Step-by-step explanation:

To solve this question, we need to understand the binomial probability distribution and the binomial approximation to the normal.

Binomial probability distribution

The binomial probability is the probability of exactly x successes on n repeated trials, and X can only have two outcomes.

$P(X = x) = C_{n,x}.p^{x}.(1-p)^{n-x}$

In which $C_{n,x}$ is the number of different combinations of x objects from a set of n elements, given by the following formula.
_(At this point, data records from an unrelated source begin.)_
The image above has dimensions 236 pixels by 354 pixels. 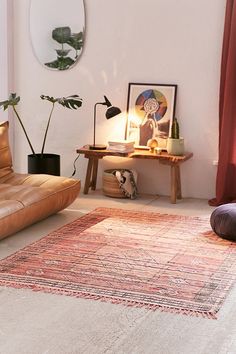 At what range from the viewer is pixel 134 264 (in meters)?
3.97

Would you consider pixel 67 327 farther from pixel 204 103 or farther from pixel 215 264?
pixel 204 103

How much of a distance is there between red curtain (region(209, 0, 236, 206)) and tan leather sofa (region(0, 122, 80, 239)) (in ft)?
4.51

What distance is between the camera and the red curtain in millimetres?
5547

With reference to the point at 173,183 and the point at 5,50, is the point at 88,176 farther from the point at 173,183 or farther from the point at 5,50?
the point at 5,50

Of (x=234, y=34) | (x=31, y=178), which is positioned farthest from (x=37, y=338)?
(x=234, y=34)

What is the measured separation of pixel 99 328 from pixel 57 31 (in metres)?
3.90

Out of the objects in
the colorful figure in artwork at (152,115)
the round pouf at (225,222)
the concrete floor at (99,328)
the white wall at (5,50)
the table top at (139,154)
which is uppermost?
the white wall at (5,50)

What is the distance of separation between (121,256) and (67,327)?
1149 millimetres

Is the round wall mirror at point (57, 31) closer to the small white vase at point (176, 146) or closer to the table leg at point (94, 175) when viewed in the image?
the table leg at point (94, 175)

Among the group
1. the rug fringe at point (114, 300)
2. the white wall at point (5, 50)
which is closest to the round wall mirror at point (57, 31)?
the white wall at point (5, 50)

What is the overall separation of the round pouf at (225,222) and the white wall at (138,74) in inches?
54.8

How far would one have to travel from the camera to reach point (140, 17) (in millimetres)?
5941

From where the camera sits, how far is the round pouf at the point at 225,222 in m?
4.49

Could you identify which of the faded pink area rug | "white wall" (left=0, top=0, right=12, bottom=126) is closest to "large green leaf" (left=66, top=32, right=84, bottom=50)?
"white wall" (left=0, top=0, right=12, bottom=126) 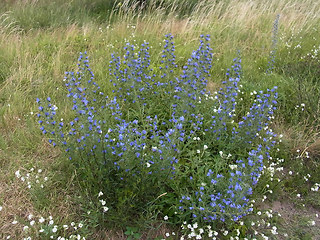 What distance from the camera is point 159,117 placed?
3439mm

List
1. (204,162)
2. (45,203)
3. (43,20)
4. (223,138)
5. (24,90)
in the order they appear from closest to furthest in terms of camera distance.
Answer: (45,203) < (204,162) < (223,138) < (24,90) < (43,20)

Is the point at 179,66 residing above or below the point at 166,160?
below

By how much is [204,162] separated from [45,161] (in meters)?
1.73

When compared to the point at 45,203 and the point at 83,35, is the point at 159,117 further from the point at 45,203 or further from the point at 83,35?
the point at 83,35

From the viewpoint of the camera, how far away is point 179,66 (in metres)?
4.77

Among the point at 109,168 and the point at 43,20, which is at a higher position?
the point at 109,168

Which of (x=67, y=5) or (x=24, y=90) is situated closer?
(x=24, y=90)

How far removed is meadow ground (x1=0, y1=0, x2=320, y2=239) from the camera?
8.29 ft

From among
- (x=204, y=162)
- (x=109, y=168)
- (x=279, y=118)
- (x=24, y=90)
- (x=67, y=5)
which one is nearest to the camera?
(x=109, y=168)

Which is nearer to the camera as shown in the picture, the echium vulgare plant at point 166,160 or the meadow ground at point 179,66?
the echium vulgare plant at point 166,160

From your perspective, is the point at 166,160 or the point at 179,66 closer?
the point at 166,160

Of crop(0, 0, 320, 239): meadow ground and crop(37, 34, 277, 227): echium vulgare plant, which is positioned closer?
crop(37, 34, 277, 227): echium vulgare plant

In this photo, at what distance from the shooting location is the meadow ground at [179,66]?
2527mm

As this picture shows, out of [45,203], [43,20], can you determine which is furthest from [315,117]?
[43,20] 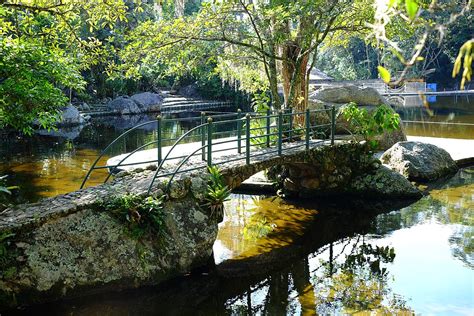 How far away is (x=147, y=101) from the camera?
128 feet

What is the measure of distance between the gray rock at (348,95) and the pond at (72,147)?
16.2 ft

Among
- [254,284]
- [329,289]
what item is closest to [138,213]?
[254,284]

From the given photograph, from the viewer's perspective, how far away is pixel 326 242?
9.38 m

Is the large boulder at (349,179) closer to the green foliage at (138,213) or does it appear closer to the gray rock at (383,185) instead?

$C_{n,x} = \frac{n!}{x!(n-x)!}$

And p is the probability of X happening.

The expected value of the binomial distribution is:

$E(X) = np$

The variance of the binomial distribution is:

$V(X) = np(1-p)$

The standard deviation of the binomial distribution is:

$\sqrt{V(X)} = \sqrt{np(1-p)}$

Normal probability distribution

Problems of normally distributed samples can be solved using the z-score formula.

In a set with mean $\mu$ and standard deviation $\sigma$ , the zscore of a measure X is given by:

$Z = \frac{X - \mu}{\sigma}$

The Z-score measures how many standard deviations the measure is from the mean. After finding the Z-score, we look at the z-score table and find the p-value associated with this z-score. This p-value is the probability that the value of the measure is smaller than X, that is, the percentile of X. Subtracting 1 by the pvalue, we get the probability that the value of the measure is greater than X.

When we are approximating a binomial distribution to a normal one, we have that $\mu = E(X)$ , $\sigma = \sqrt{V(X)}$ .

56% of uninsured Americans who plan to get health insurance say they will do so through a government health insurance exchange.

This means that $p = 0.56$

a. What is the probability that in a random sample of 10 people exactly 6 plan to get health insurance through a government health insurance exchange?

This is P(X = 6) when n = 10. So

$P(X = x) = C_{n,x}.p^{x}.(1-p)^{n-x}$

$P(X = 6) = C_{10,6}.(0.56)^{6}.(0.44)^{4} = 0.2427$

24.27% probability that in a random sample of 10 people exactly 6 plan to get health insurance through a government health insurance exchange

b. What is the probability that in a random sample of 1000 people exactly 600 plan to get health insurance through a government health insurance exchange?

This is P(X = 600) when n = 1000. So

$P(X = x) = C_{n,x}.p^{x}.(1-p)^{n-x}$

$P(X = 600) = C_{1000,600}.(0.56)^{600}.(0.44)^{400} = 0.001$